*YOUR OBJECTIVE*.
Counting every line in the entries below where the word "avec" occurs, report how many there are. Give only that number.

*DATA FOR THE TASK*.

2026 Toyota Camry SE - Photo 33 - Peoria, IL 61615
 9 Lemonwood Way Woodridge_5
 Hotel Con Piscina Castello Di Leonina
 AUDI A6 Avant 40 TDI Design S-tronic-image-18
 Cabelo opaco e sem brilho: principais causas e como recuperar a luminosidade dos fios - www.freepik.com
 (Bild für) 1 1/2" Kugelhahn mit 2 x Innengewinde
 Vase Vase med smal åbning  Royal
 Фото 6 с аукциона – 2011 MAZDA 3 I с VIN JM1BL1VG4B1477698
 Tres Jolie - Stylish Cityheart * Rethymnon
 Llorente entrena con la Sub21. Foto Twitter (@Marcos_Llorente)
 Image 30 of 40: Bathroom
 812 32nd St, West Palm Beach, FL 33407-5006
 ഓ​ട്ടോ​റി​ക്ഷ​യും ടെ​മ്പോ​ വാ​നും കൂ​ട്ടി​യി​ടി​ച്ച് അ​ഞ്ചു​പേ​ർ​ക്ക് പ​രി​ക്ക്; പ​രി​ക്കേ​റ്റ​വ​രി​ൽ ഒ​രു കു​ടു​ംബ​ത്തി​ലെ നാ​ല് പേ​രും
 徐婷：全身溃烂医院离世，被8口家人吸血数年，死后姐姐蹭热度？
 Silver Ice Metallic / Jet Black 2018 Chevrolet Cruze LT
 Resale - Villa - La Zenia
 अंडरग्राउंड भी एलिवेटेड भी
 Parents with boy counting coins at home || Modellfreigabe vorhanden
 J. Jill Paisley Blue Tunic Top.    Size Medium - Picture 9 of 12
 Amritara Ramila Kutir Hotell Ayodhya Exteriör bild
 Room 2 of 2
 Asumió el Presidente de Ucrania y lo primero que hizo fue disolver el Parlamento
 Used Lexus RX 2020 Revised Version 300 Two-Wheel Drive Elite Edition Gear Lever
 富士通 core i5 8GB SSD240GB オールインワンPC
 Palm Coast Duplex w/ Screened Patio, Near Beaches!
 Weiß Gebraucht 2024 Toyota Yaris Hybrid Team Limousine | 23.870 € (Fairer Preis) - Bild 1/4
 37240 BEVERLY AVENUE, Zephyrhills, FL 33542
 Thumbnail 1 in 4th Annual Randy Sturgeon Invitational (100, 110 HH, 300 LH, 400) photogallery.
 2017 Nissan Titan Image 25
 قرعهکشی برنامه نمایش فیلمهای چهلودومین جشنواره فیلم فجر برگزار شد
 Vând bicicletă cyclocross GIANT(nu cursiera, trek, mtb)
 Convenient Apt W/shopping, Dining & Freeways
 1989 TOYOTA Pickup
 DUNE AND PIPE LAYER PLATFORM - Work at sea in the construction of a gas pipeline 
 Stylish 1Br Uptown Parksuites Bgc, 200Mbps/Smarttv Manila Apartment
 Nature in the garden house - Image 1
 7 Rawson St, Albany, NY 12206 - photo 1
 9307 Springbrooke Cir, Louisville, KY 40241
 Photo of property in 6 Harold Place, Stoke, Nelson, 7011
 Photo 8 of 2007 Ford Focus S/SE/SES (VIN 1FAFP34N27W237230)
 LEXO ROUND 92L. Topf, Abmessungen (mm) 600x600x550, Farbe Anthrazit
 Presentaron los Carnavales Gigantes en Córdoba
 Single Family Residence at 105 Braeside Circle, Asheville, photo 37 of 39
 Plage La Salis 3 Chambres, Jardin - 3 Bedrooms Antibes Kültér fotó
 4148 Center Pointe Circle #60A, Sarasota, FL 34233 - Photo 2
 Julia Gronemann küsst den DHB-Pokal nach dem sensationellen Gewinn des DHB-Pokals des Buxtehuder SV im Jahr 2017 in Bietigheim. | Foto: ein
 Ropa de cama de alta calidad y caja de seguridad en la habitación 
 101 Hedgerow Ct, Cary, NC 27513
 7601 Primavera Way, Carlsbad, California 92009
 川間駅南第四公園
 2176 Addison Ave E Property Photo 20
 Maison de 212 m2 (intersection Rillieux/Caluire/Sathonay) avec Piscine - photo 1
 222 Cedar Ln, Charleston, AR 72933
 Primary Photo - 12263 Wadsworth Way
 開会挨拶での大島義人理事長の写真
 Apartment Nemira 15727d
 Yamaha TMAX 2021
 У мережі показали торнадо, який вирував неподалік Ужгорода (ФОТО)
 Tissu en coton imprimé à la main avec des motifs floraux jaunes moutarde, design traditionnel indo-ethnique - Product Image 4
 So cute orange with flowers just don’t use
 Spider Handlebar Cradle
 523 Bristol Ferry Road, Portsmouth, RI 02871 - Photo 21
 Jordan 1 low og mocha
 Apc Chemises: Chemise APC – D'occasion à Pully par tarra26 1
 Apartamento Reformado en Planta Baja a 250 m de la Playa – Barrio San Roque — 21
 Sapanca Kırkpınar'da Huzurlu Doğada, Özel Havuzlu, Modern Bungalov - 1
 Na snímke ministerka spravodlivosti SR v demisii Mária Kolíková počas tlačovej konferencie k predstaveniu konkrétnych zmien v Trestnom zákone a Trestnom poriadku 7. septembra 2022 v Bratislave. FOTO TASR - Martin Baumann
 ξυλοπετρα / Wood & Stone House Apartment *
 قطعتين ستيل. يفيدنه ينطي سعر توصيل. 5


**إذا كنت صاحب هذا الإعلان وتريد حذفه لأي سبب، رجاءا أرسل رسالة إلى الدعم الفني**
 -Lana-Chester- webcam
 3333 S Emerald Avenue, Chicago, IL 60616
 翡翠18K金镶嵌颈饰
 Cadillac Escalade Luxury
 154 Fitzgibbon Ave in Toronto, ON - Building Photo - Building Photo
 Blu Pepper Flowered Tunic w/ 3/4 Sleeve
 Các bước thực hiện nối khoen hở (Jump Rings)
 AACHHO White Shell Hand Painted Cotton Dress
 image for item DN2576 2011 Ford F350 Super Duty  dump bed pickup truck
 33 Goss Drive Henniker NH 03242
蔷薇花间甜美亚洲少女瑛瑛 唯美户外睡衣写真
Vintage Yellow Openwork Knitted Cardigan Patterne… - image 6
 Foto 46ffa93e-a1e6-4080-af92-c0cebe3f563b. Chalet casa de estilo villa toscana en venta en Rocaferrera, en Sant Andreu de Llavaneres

*SOLVED PROBLEM*.
2